We are going to improve it following the instructions of a Paper from the Ohaio University: [How to Prompt LLMs for Text-to-SQL: A Study in Zero-shot, Single-domain, and Cross-domain Settings](https://arxiv.org/abs/2305.11853). I recommend you read that paper.

For each table, we will define the structure using the same syntax as in a SQL create table command, and add the sample rows of the content.

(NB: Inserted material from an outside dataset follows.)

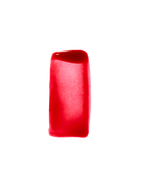 Left On Red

Finally, at the end of the prompt, we'll include some example queries with the SQL that the model should generate. This technique is called Few-Shot Samples, in which we provide the prompt with some examples to assist it in generating the correct SQL.


In [3]:
context = [ {'role':'system', 'content':"""
You are an expert SQL assistant. Generate valid SQLite queries based on user questions.
Always provide clear, efficient SQL commands followed by a brief explanation.

Database Schema:

-- Table: employees
CREATE TABLE employees (
    ID_usr INTEGER PRIMARY KEY,
    name VARCHAR(100) NOT NULL
);

-- Table: salary
CREATE TABLE salary (
    ID_usr INTEGER NOT NULL,
    year DATE NOT NULL,
    salary FLOAT NOT NULL,
    PRIMARY KEY (ID_usr, year),
    FOREIGN KEY (ID_usr) REFERENCES employees(ID_usr)
);

-- Table: studies
CREATE TABLE studies (
    ID INTEGER PRIMARY KEY,
    ID_usr INTEGER NOT NULL,
    educational_level INTEGER,
    Institution VARCHAR(200),
    Years DATE,
    Speciality VARCHAR(100),
    FOREIGN KEY (ID_usr) REFERENCES employees(ID_usr)
);

-- Sample Data:
-- employees: ID_usr, name
-- 1, 'John Smith'
-- 2, 'Maria Garcia'
-- 3, 'James Johnson'

-- salary: ID_usr, year, salary
-- 1, '2023-01-01', 75000.00
-- 2, '2023-01-01', 82000.00
-- 3, '2023-01-01', 68000.00

-- studies: ID, ID_usr, educational_level, Institution, Years, Speciality
-- 1, 1, 4, 'MIT', '2015-01-01', 'Computer Science'
-- 2, 2, 5, 'Stanford', '2016-01-01', 'Data Science'
-- 3, 3, 3, 'UC Berkeley', '2018-01-01', 'Business Administration'
"""} ]

In [4]:
#FEW SHOT SAMPLES
context.append( {'role':'system', 'content':"""
-- Maintain the SQL simple and efficient using valid SQLite syntax.

-- Example 1:
-- Question: Show me all employee names
-- SQL:
SELECT name FROM employees;

-- Example 2:
-- Question: What is the average salary in 2023?
-- SQL:
SELECT AVG(salary) as average_salary 
FROM salary 
WHERE year = '2023-01-01';

-- Example 3:
-- Question: List employees with their salaries for 2023
-- SQL:
SELECT e.name, s.salary 
FROM employees e 
JOIN salary s ON e.ID_usr = s.ID_usr 
WHERE s.year = '2023-01-01';

-- Example 4:
-- Question: Which employees have a Master's degree or higher (educational_level >= 5)?
-- SQL:
SELECT DISTINCT e.name, st.educational_level, st.Institution 
FROM employees e 
JOIN studies st ON e.ID_usr = st.ID_usr 
WHERE st.educational_level >= 5;

-- Example 5:
-- Question: Show employees with their education and current salary
-- SQL:
SELECT e.name, st.Institution, st.Speciality, s.salary 
FROM employees e 
LEFT JOIN studies st ON e.ID_usr = st.ID_usr 
LEFT JOIN salary s ON e.ID_usr = s.ID_usr 
WHERE s.year = '2023-01-01';
"""
})

In [5]:
#Functio to call the model.
def return_CCRMSQL(user_message, context):
    client = OpenAI(
    # This is the default and can be omitted
    api_key=OPENAI_API_KEY,
)

    newcontext = context.copy()
    newcontext.append({'role':'user', 'content':"question: " + user_message})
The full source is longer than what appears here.